A dupla recebeu o convite para incrementar a simulação realizada em 6 de janeiro de 2023 e filmar as seis horas de atividade —para editar posteriormente na 1h30 de duração do que se tornaria “War Game”. Eles trouxeram um diretor de arte de peças da Broadway para replicar os cenários da “sala de crise” da Casa Branca, o salão de imprensa da Presidência e o quartel-general dos inimigos. Os cineastas acreditavam que a verossimilhança ajudaria a extrair performances mais realistas dos envolvidos pouco familiarizados com a dramaturgia.

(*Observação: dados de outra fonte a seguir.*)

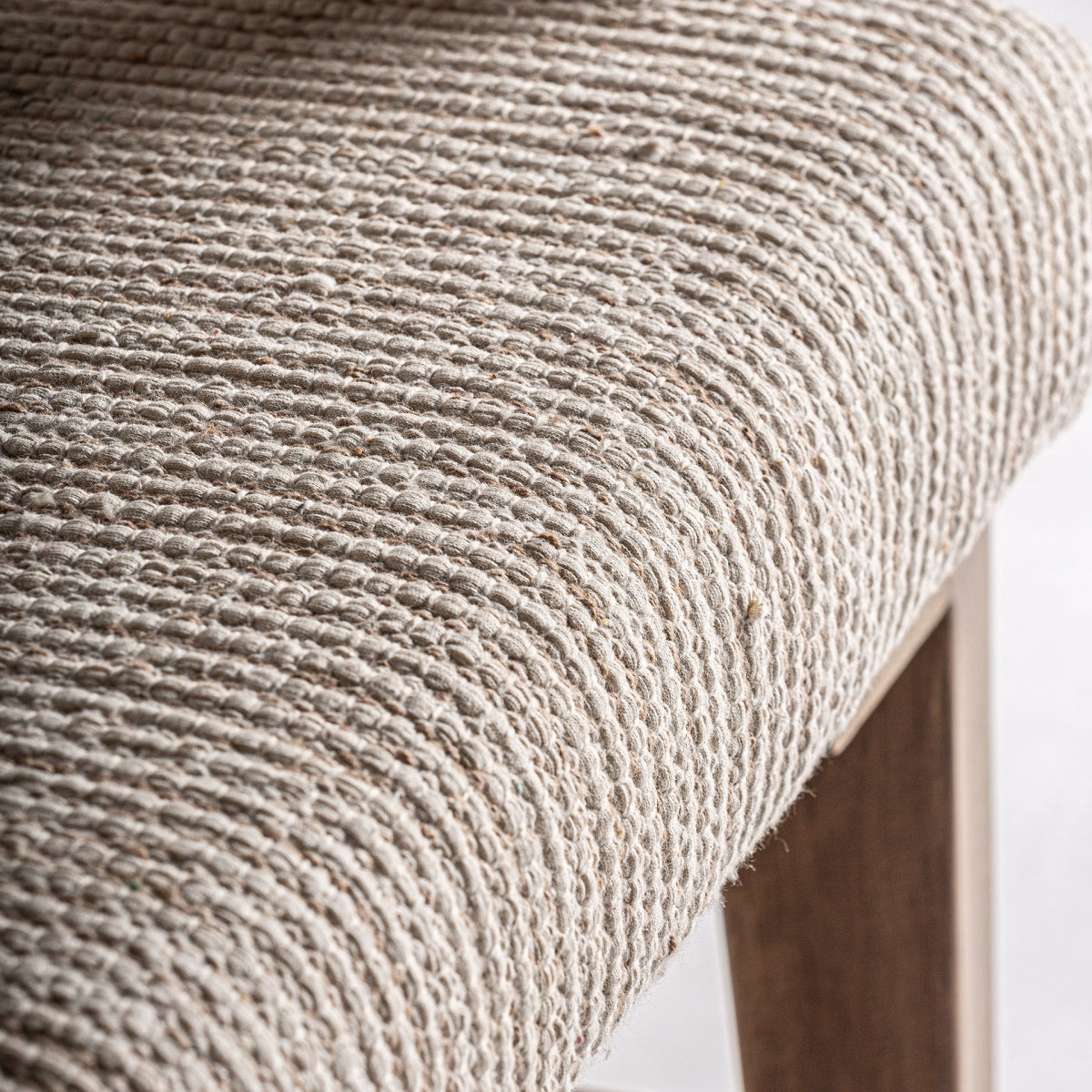 Fauteuil d'appoint en manguier, osier et tissu beige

O resultado é um documentário tão envolvente quanto assustador que não se prende apenas ao formato teatral da experiência. Traz diversas sequências reais da invasão ao Capitólio e também faz questão de desvendar a biografia de vários “atores”. Caso de Kris Goldsmith, veterano militar especializado nos estudos de desinformação e movimentos de extremistas internos, que assume o papel de líder da Célula Vermelha, responsável pela tentativa de impedir a ratificação do presidente eleito.

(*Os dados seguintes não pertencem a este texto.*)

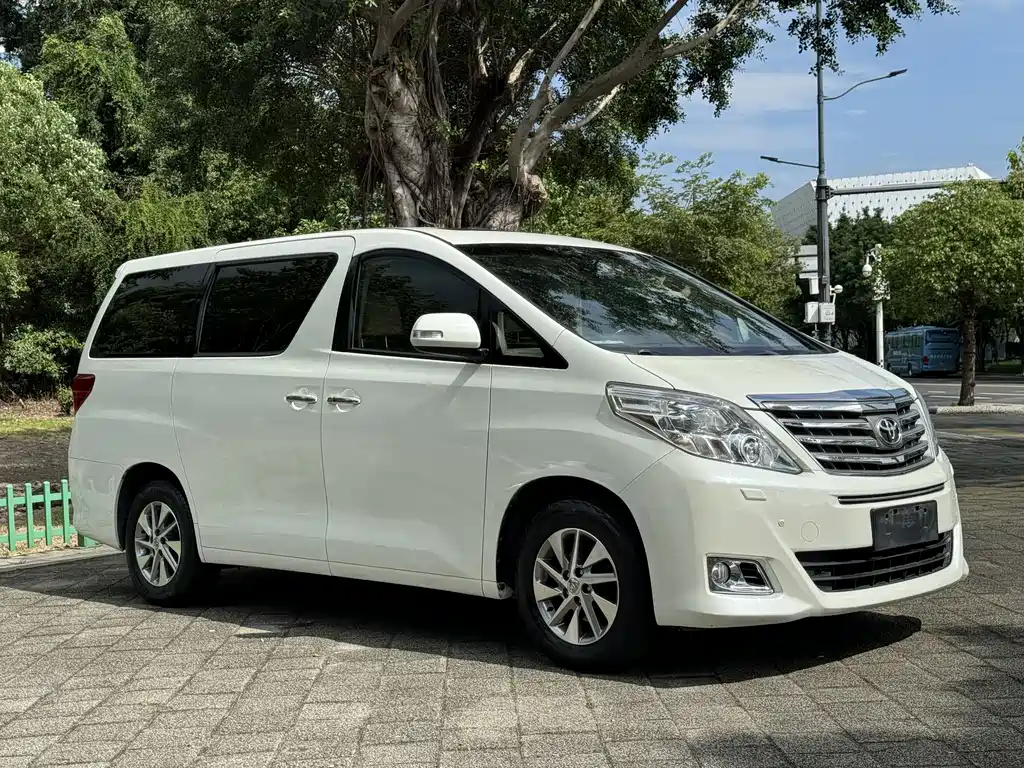 Toyota Alphard 2012 3.5L Luxury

Os organizadores do “jogo de guerra” alimentam a equipe da Casa Branca com notícias em tempo real sobre generais se rebelando contra o governo federal, governadores negando apoio ao político eleito, membros da Guarda Nacional tomando partido dos extremistas e a multidão cercando o Congresso. A responsabilidade dos nomes por trás deste “Show de Truman político” é aumentar a tensão de um possível golpe militar sem cair na fantasia.
Por outro lado, os jogadores do lado da democracia debatem e analisam a maneira mais realista e pacífica para contornar a situação no tempo estabelecido. E eles recorrem ao seu currículo e a sua experiência para solucionar o quebra-cabeça.
Por exemplo, Elizabeth Neumann, vice-chefe de gabinete do Departamento de Segurança Interna dos Estados Unidos durante o governo Trump, ganha a função de conselheira de segurança interna no projeto. Um agente da CIA tem a oportunidade de viver o diretor da Inteligência dos EUA. “War Game” ainda possui ex-senadores, membros do serviço secreto, porta-vozes, militares, assessores políticos e jornalistas nos seu elenco.
Os diretores dizem que a senadora democrata Heidi Heitkamp, que assume o papel de assessora direta do presidente em “War Game”, define o projeto como “lição básica de prevenção a golpes”. Uma das lições levantadas pelo filme é como impedir um golpe sem criar nenhum mártir com a mensagem errada, que apelasse para respostas radicais.
A equipe da Casa Branca de mentirinha é seduzida diversas vezes pela possibilidade de adotar a Lei da Insurreição, que dá poderes plenos ao presidente dos EUA para usar as Forças Armadas dentro do país. Seria um ato de desespero sem vitória, como faz questão de lembrar um dos insurgentes da Ordem de Colombo, já que a imagem das tropas norte-americanas abatendo os próprios cidadãos poderia ser o estopim de uma guerra civil.
Uma falha de “War Game” é se concentrar nas consequências de um levante militar nos Estados Unidos sem contextualizar o evento fictício com a ação do país em outros casos semelhantes fora das suas fronteiras.
O longa só não pode ser acusado de fantasioso na sua projeção de uma transição de poder ainda mais conturbada em janeiro de 2025. Em julho passado, durante a companha presidencial, o candidato republicano Donald Trump discursou para líderes cristãos na Flórida: “Saiam e votem. Em quatro anos, vocês não precisarão votar de novo. Nós vamos consertar tudo tão bem que vocês não precisarão votar”. A realidade pode ser bem mais assustadora que qualquer drama.